What appears from the first line of the data below through the line containing "Pina Colada distressed", both included, should be copied exactly, and nothing else.

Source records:
------------------------------------------------

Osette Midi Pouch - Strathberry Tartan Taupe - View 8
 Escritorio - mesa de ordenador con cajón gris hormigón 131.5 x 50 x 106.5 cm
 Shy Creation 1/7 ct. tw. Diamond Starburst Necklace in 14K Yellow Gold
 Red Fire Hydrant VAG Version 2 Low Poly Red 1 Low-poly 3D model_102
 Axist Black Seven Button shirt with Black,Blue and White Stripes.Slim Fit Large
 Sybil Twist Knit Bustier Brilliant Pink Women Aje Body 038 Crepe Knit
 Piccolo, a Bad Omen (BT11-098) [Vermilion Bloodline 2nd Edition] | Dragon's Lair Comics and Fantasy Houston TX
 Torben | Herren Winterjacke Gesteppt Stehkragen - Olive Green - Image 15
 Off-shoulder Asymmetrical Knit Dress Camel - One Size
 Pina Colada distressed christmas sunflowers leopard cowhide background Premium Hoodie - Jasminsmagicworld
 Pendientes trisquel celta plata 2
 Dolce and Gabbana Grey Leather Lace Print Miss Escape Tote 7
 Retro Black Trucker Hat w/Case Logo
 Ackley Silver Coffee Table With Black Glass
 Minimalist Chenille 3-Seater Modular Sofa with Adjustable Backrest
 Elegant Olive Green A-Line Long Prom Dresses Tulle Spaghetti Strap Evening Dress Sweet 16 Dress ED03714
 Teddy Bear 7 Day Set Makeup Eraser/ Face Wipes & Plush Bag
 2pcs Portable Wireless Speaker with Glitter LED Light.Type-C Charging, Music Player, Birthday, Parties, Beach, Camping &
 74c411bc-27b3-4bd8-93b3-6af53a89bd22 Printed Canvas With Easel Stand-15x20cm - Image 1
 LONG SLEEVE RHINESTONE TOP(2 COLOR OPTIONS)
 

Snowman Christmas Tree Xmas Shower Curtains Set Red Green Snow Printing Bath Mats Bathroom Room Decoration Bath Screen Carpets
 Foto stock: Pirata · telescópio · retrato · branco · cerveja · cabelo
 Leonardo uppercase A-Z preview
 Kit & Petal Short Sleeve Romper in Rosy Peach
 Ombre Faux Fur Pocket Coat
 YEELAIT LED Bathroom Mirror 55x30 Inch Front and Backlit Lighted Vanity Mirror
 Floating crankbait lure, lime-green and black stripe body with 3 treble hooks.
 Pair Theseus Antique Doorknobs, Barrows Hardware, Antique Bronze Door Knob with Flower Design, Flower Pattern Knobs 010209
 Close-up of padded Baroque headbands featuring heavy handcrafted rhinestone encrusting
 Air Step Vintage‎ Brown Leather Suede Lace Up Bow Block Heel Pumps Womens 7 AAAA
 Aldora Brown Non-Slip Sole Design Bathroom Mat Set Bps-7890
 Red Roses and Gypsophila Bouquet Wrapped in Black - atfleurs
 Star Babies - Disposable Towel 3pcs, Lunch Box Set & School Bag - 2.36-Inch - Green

------------------------------------------------

> THE COMPLETED TASK
Osette Midi Pouch - Strathberry Tartan Taupe - View 8
 Escritorio - mesa de ordenador con cajón gris hormigón 131.5 x 50 x 106.5 cm
 Shy Creation 1/7 ct. tw. Diamond Starburst Necklace in 14K Yellow Gold
 Red Fire Hydrant VAG Version 2 Low Poly Red 1 Low-poly 3D model_102
 Axist Black Seven Button shirt with Black,Blue and White Stripes.Slim Fit Large
 Sybil Twist Knit Bustier Brilliant Pink Women Aje Body 038 Crepe Knit
 Piccolo, a Bad Omen (BT11-098) [Vermilion Bloodline 2nd Edition] | Dragon's Lair Comics and Fantasy Houston TX
 Torben | Herren Winterjacke Gesteppt Stehkragen - Olive Green - Image 15
 Off-shoulder Asymmetrical Knit Dress Camel - One Size
 Pina Colada distressed christmas sunflowers leopard cowhide background Premium Hoodie - Jasminsmagicworld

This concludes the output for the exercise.